Secondly, blocking or unfollowing people are normal things. I can count on one hand the number of people I’ve blocked on social media in my entire life, but I’ve recently found myself unfollowing people on Facebook who regularly share hate speech. It’s one thing to be open minded towards constructive ideas, but there’s no reason any of us should tolerate utterly abhorrent language. 

Third, friendships can and should transcend politics. We are inherently social animals and it’s natural to feel stressed when relationships are broken. This was recognized when Thai author Roundfinger recently wrote an article entitled “We can still be friends.” His suggestions included a steadfast belief in freedom of expression and finding common values. He’s right! A diversity of political opinions among friends is to be expected, but in the end there is more that bind us than divide us. 

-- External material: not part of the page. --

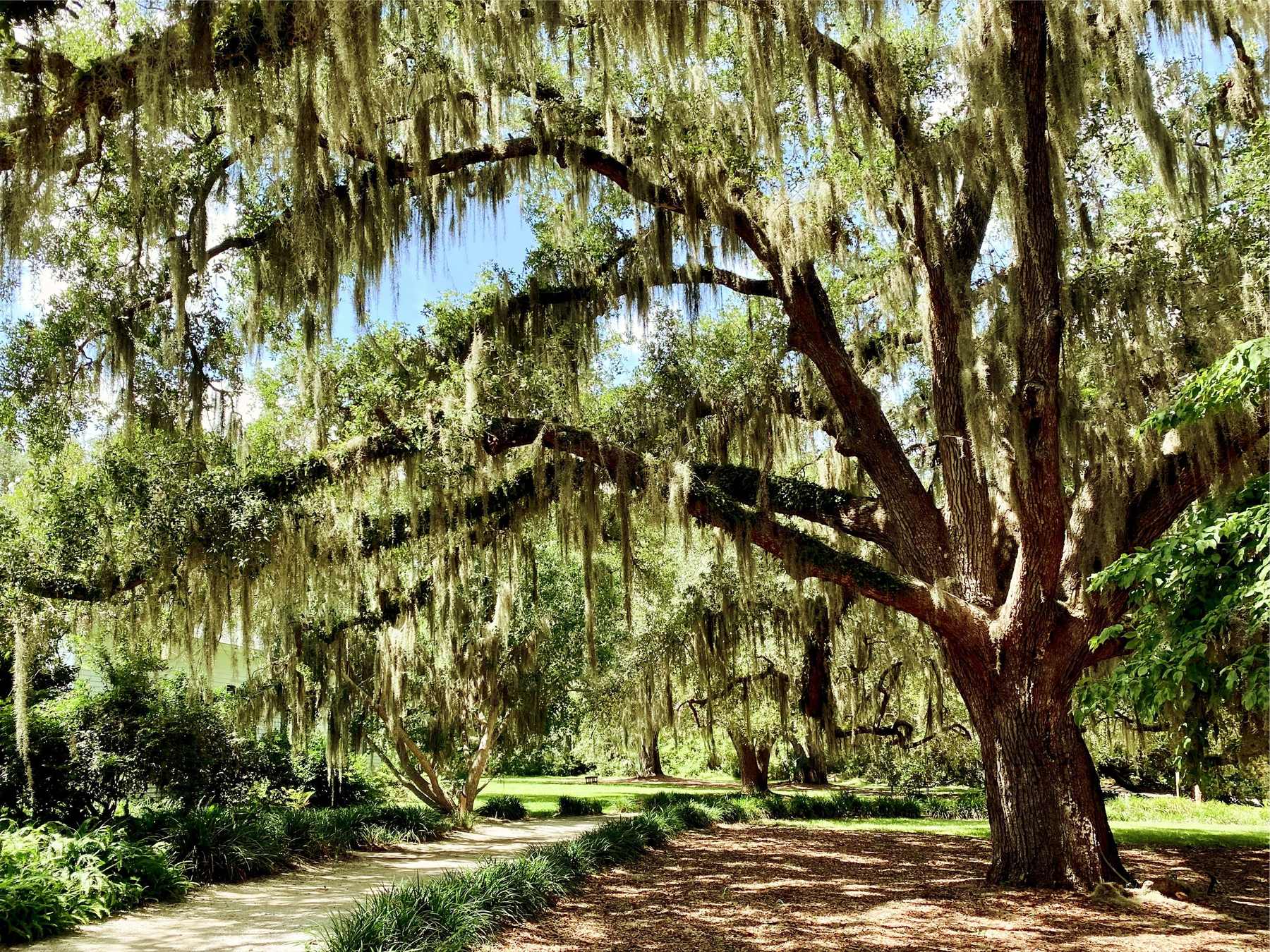 A big healthy live oak draped in Spanish moss arching over a garden path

Respecting friends must also include respecting what they choose to, or choose not to, express. The more politically expressive among us — yours truly included — may find it baffling that some do not have political views or choose not to express them publicly. But trying to shame people into posting a certain view online, whether that be pro-reform or anti-reform, can only lead to more bitterness. 

And in the end, we must remember that it’s okay to tune out. There’s immense pressure to keep updated and to raise your own awareness level, especially if you’re not already familiar with Thai politics. But in the end, mental health comes first. Too many hesitate to turn off television or close Twitter even when they feel overwhelmed. 

Discussing mental health has slowly but surely become less and less of a taboo in societies worldwide, and this is something that I believe we must normalize and discuss more. It’s okay to not be okay. And as we move forward together into increasingly uncertain political terrain, we must act with compassion, kindness, and respect.

Or, to put it more simply: take care of yourself, and take care of each other.